• **Requirement**:
Below are lines of data; count those containing the word "Bedroom" and write nothing but the number.

(Stored entries)
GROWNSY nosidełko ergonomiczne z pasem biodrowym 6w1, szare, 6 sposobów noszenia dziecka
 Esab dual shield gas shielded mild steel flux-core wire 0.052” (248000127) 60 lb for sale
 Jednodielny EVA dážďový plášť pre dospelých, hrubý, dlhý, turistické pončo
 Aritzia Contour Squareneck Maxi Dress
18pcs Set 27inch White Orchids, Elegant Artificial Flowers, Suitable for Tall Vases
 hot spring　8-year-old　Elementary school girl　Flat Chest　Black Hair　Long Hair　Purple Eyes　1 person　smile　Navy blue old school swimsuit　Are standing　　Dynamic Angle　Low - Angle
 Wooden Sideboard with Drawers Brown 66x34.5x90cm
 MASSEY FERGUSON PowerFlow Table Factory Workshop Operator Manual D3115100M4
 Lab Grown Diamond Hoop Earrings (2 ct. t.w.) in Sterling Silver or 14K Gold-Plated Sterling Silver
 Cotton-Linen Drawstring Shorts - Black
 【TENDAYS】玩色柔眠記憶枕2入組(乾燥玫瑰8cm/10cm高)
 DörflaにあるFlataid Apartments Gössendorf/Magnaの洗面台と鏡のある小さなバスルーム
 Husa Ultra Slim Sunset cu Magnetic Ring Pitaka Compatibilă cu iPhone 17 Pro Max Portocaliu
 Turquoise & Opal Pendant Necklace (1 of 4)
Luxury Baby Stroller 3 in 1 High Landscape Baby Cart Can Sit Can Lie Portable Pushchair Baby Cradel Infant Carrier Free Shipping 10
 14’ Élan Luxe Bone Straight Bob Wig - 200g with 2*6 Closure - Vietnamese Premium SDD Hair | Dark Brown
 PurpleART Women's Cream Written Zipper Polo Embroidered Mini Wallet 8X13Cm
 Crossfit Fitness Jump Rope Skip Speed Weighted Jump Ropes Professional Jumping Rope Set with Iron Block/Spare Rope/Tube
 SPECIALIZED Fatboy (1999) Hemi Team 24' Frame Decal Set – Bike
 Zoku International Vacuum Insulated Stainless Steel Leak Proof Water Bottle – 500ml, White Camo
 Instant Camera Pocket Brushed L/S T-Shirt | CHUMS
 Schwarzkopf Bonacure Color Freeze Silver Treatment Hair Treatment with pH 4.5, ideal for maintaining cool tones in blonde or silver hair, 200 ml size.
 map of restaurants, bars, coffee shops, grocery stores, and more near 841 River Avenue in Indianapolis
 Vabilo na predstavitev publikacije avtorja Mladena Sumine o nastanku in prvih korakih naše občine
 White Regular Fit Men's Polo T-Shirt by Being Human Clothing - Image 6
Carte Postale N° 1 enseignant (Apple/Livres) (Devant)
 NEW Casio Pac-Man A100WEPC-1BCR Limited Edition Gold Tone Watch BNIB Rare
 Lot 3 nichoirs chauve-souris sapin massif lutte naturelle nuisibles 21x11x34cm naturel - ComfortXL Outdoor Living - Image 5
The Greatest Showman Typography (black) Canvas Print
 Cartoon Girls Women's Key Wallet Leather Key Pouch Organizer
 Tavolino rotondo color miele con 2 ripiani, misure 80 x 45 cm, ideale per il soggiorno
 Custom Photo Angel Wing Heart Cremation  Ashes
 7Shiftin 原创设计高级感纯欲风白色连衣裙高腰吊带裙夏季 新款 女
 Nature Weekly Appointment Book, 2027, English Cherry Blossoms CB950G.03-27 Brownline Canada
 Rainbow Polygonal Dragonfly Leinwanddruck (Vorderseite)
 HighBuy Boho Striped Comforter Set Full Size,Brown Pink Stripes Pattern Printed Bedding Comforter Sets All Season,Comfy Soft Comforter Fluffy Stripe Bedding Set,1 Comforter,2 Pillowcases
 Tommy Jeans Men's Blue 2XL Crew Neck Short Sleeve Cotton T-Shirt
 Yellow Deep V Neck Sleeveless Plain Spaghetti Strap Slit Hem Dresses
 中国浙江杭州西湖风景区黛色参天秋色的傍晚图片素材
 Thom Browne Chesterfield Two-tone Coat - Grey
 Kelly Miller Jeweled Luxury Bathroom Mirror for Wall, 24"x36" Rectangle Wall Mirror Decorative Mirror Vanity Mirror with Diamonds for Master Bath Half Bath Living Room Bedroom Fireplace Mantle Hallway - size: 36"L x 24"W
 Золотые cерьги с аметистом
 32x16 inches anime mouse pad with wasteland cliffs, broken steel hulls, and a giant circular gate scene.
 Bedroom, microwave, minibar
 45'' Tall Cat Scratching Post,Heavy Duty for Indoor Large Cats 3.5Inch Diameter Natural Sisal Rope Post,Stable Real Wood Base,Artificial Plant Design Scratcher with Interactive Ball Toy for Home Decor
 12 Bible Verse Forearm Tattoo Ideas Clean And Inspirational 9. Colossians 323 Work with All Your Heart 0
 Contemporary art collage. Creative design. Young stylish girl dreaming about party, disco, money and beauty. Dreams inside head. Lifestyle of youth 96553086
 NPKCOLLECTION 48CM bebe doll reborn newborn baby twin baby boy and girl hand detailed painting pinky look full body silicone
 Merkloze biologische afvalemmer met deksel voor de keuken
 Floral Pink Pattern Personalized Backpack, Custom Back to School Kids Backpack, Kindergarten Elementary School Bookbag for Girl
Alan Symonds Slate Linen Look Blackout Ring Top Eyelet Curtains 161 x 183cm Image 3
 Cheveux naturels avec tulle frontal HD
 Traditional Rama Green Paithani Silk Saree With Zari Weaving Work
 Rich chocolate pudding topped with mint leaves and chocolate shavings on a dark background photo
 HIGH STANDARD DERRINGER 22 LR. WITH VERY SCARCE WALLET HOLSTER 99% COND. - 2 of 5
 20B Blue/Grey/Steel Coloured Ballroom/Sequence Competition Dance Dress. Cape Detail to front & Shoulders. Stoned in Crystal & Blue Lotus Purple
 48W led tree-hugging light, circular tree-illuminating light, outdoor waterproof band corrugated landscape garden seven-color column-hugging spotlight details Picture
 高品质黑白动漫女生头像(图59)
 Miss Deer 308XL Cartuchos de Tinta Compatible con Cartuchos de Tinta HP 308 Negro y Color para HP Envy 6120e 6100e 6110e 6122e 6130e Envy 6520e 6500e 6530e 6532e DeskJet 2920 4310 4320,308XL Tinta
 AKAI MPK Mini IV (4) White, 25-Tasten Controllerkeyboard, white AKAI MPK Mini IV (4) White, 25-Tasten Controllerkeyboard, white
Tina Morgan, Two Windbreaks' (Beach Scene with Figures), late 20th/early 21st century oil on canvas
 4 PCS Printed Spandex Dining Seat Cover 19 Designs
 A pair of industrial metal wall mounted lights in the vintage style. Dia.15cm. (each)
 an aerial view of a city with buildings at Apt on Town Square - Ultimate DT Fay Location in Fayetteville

• **Answer section**:
2